Eshkol Regional Council (מועצה אזורית אשכול, Mo'atza Ezorit Eshkol) is a regional council in the north-western Negev, in Israel's Southern District. Located within the zone known as the Gaza envelope, the regional council's territory is situated east of the Gaza Strip, stretching in the area between Ashkelon to the north and Beersheba to the east.
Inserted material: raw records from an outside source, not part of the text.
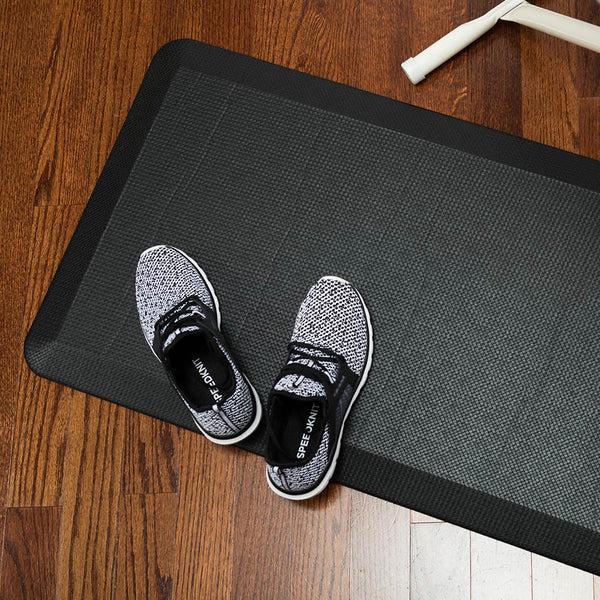 Restaurantware Comfy Feet Black Floor Mat - Extra-Padded Non-Slip Anti-Fatigue - 32" X 20" X 3/4" - 1 Count Box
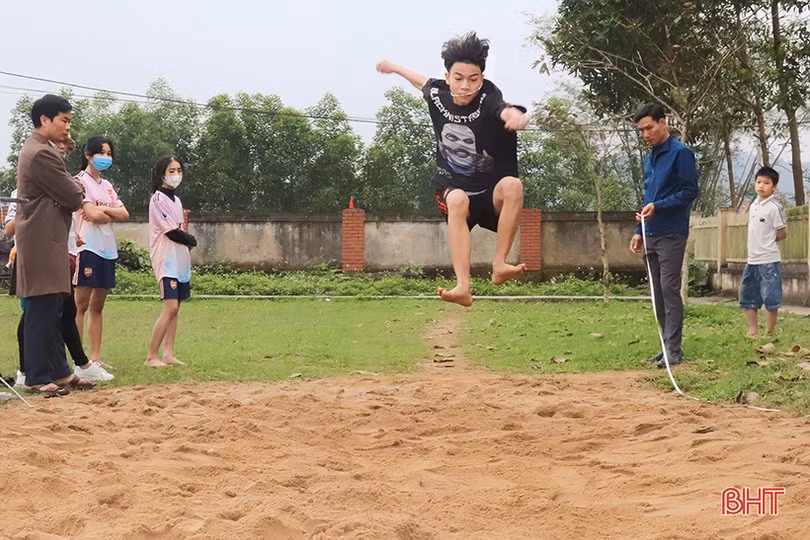 Học sinh Vũ Quang tranh tài tại Đại hội Điền kinh - Thể thao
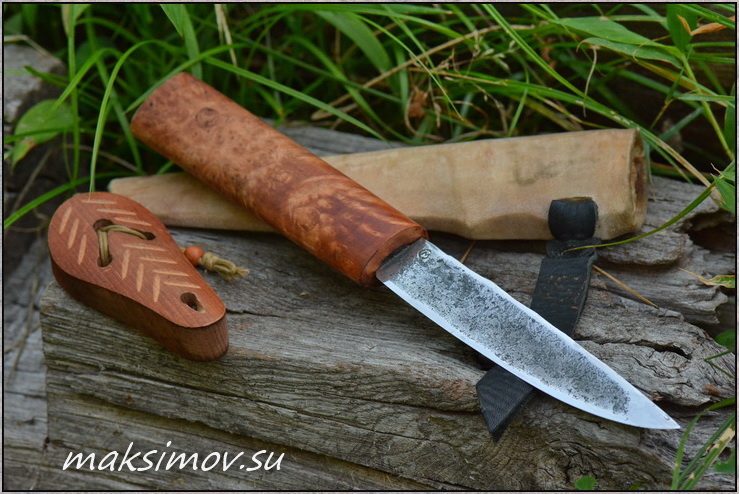 Яркие представители культуры северных народов:
якутский нож и один из древнейших музыкальных инструментов – варган (в Якутии - хомус) 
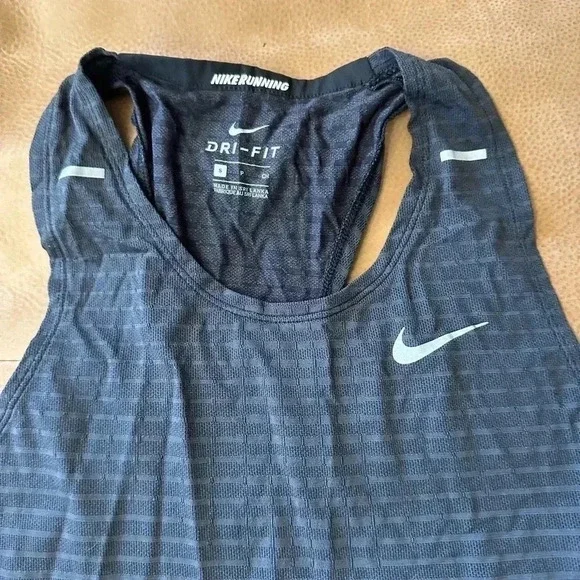 Nike Dri-Fit Sleeveless Miler Running Tank Top Black Mesh Breathable Womens S - Picture 4 of 8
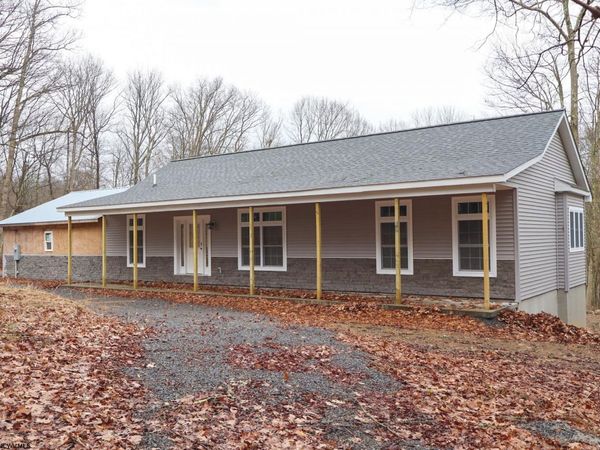 218 E Bank Street, Bruceton Mills, WV 26525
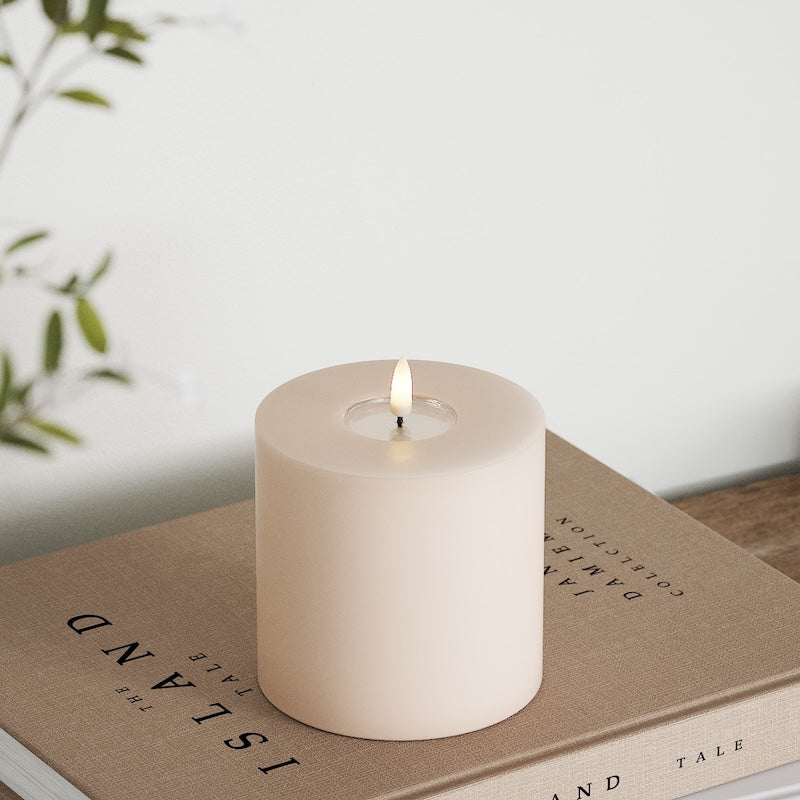 Deluxe Homeart LED Pylväskynttilä Ø 10 x 10 cm Vaaleanpunainen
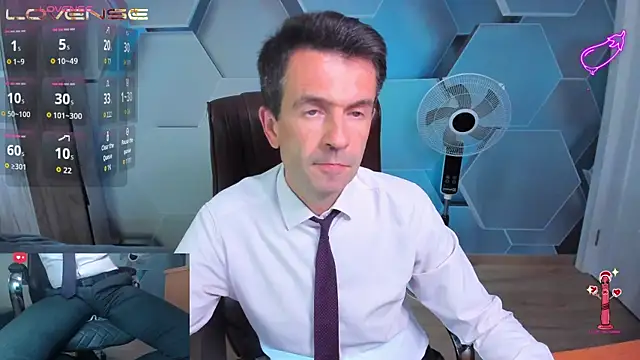 Živý XXX chat SteveTiger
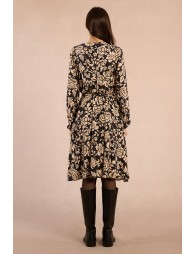 Vestido largo con volantes y lunares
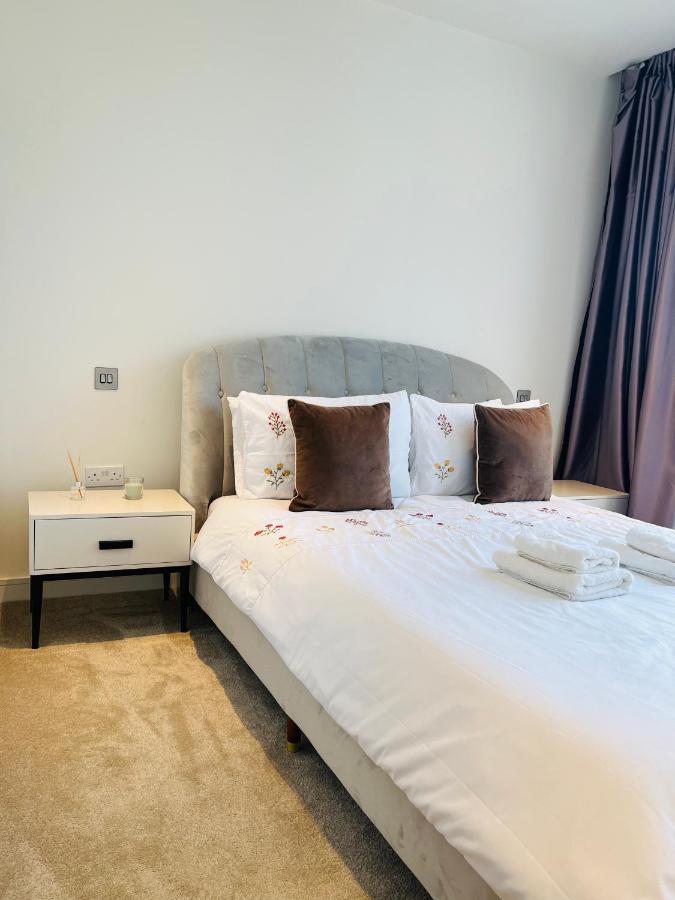 Spectacular High View Apartment - B&B London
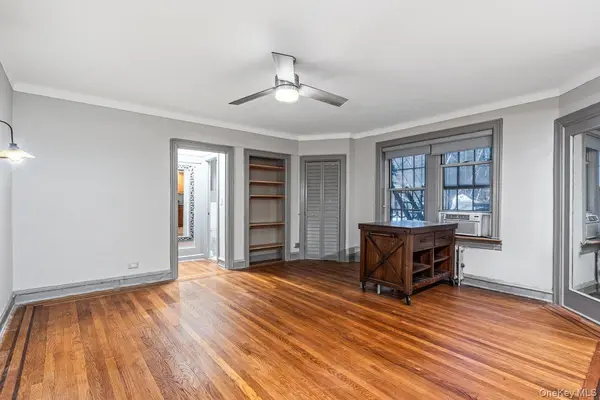 150 Burns ST #2G, Forest Hills, NY 11375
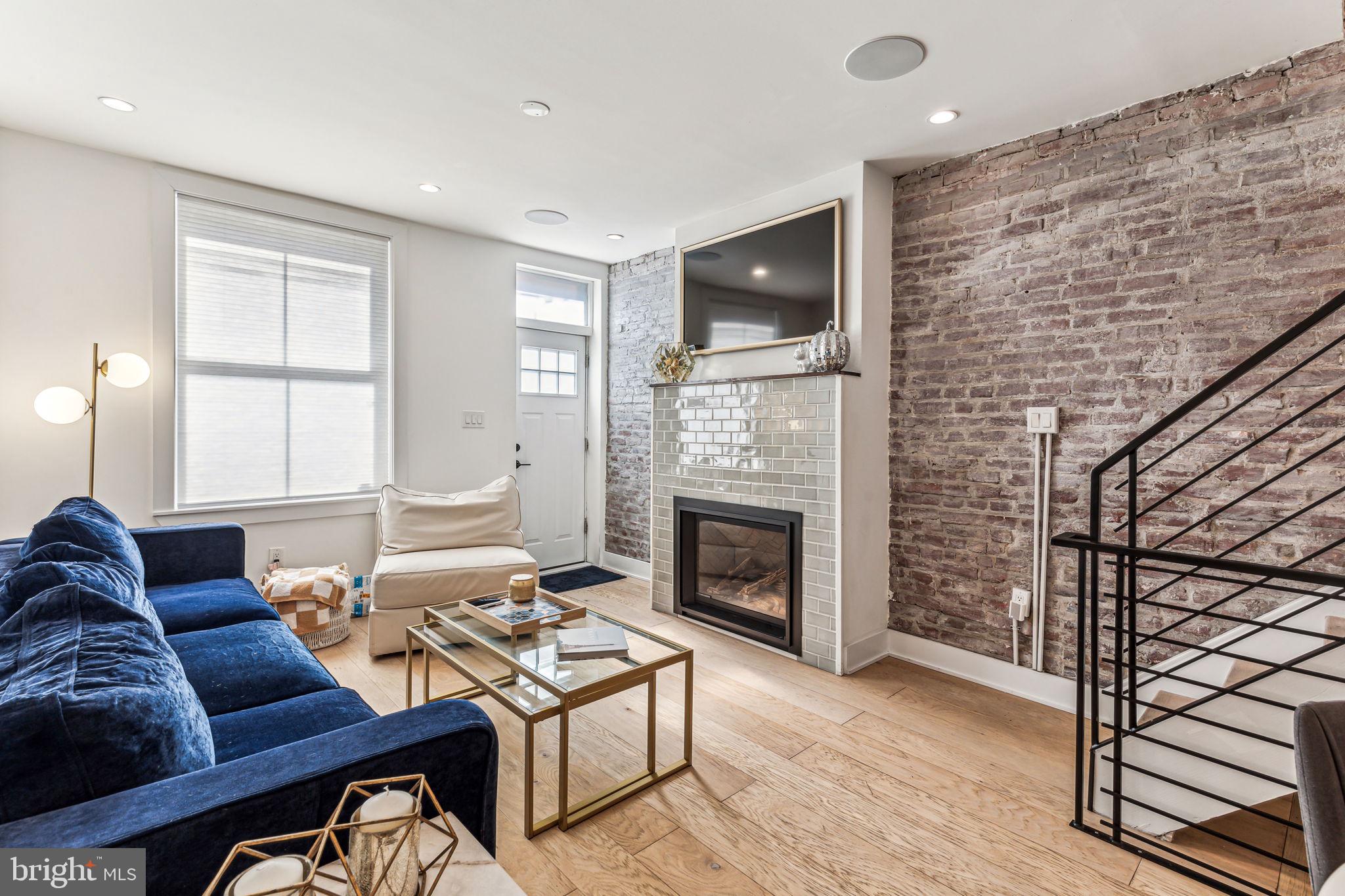 WHITMAN - Residential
Due to its direct proximity to the Gaza Strip, the region has been the target of thousands of rocket attacks, mortar strikes, and incendiary balloon fires since 2000. The council area served as a primary locale of the 2023 October 7 attacks, bearing the brunt of a massive, coordinated invasion by thousands of Hamas militants that included multiple devastating assaults within its territory, such as the Nova music festival massacre, the Nir Oz attack, and the Be'eri massacre.

==Transport==
Eshkol Regional Council is linked to Tel Aviv by bus routes 379 (local) and route 479 (express), to Be'er Sheva by bus route 35, to Ashkelon by bus route 36 and to Jerusalem by bus 495. Inside the regional council's territory there are six bus routes linking the kibbutzim and the moshavim to the regional council offices. All bus routes are operated by Dan BaDarom.

==Security==
The Eshkol region has been the target of thousands of rocket attacks since 2000. Despite Iron Dome coverage in the region, usage of the system is generally limited to populated areas and allows other rockets to land in open areas. As a result, there has been widespread damage to farms, vehicles and various outlying structures. During the 2014 Israel–Gaza conflict, farmers reported massive damages to their crops due to rockets landing in open fields.

On 26 August 2014 a mortar shell fired from Gaza killed two people and seriously wounded a third on Kibbutz Nirim, in the Eshkol Regional Council.

Since 2016, the region has experienced waves of fires caused by incendiary balloons released from Gaza. The fires have caused widespread damage to farms and local infrastructure. More than 100 fires were reported in June 2019 alone, with reported damage to at least 4,500 acres of farmland. This tactic by Hamas and other militant groups in Gaza (Palestinian Islamic Jihad) is considered to be a form of agro-terrorism.

During the October 7 attacks multiple attacks occurred in the regional council, including the Nova music festival massacre, the Nir Oz attack, and the Be'eri massacre.

==Villages==
===Kibbutzim===

- Be'eri
- Ein HaShlosha
- Gvulot
- Magen
- Nir Oz
- Nir Yitzhak
- Nirim
- Holit
- Kerem Shalom
- Kissufim
- Re'im
- Sufa
- Tze'elim
- Urim

===Moshavim===

- Ami'oz
- Bnei Netzarim
- Dekel
- Ein HaBesor
- Mivtahim
- Naveh
- Ohad
- Pri Gan
- Sdei Avraham
- Sde Nitzan
- Talmei Eliyahu
- Talmei Yosef
- Yated
- Yesha
- Yevul

===Other locations===
- Avshalom
- Tzohar
- Shlomit

== Voting Patterns ==
In the 2022 election, 64 percent of voters in the regional council voted for the parties of the center-left coalition led by Yair Lapid, while 35 percent voted for the parties of the right-wing coalition led by Benjamin Netanyahu and 0.5 percent voted for the Arab parties.